- _YOUR GOAL_: The material below should be copied line for line, please, with pictures omitted.

- _COLLECTED DATA_:
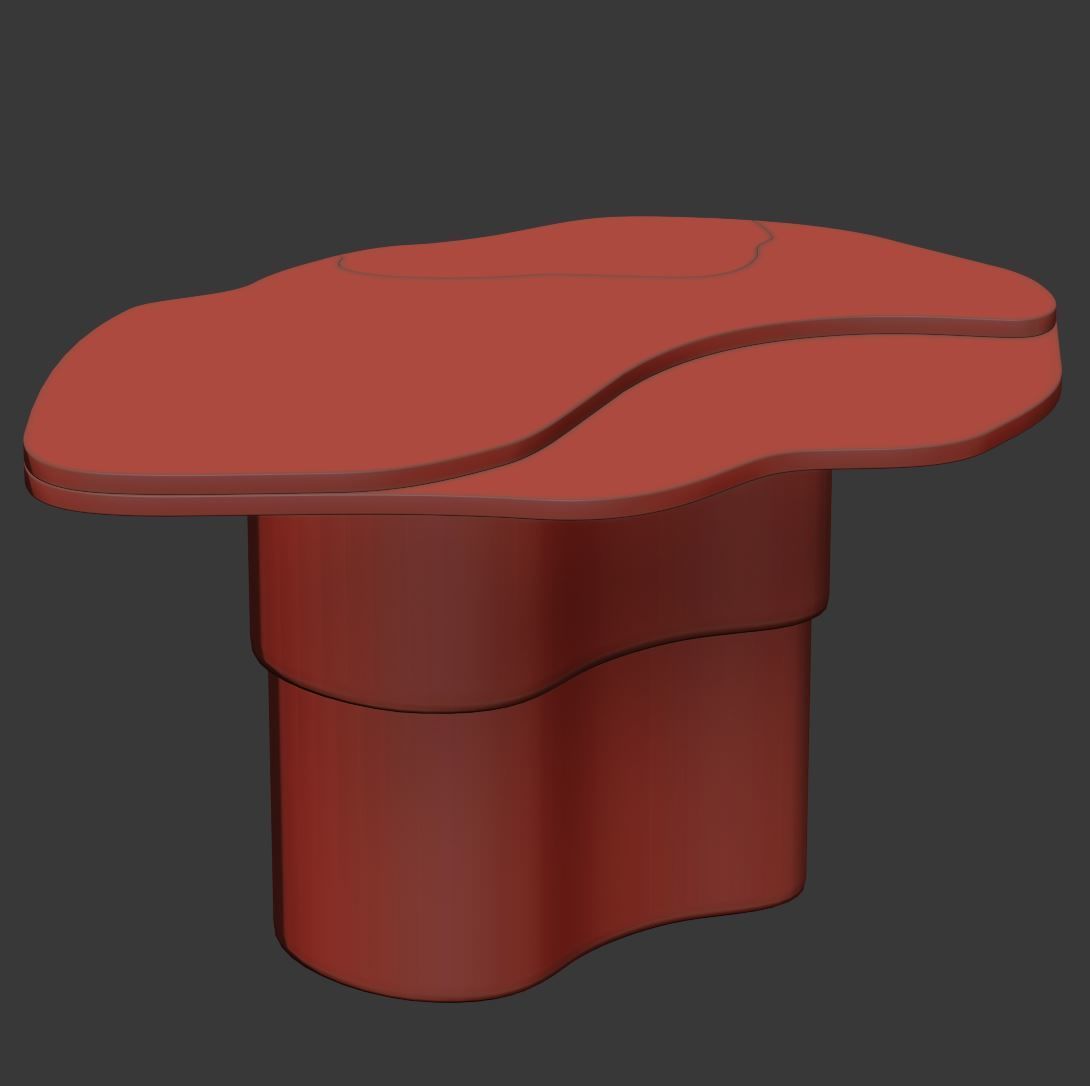 DC1601D Coffee Table by Vincenzo de Cotiis 3D model_2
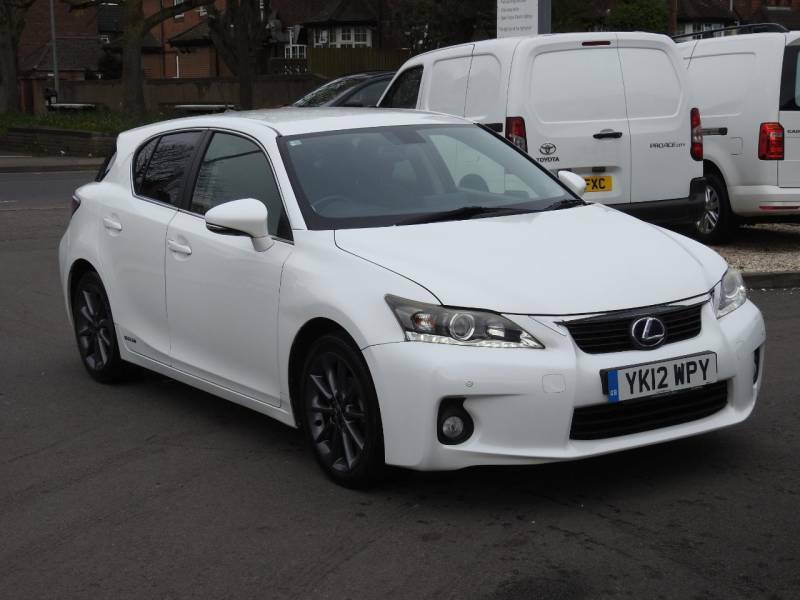 Lexus CT 200H 1.8 Se-i Cvt - 2012 12 YK12WPY White #6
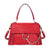 Chloe Faye Medium Suede Calfskin Shoulder Bag- Dahlia Red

- _SOLUTION FOR THIS TASK_:
 DC1601D Coffee Table by Vincenzo de Cotiis 3D model_2
 Lexus CT 200H 1.8 Se-i Cvt - 2012 12 YK12WPY White #6
 Chloe Faye Medium Suede Calfskin Shoulder Bag- Dahlia Red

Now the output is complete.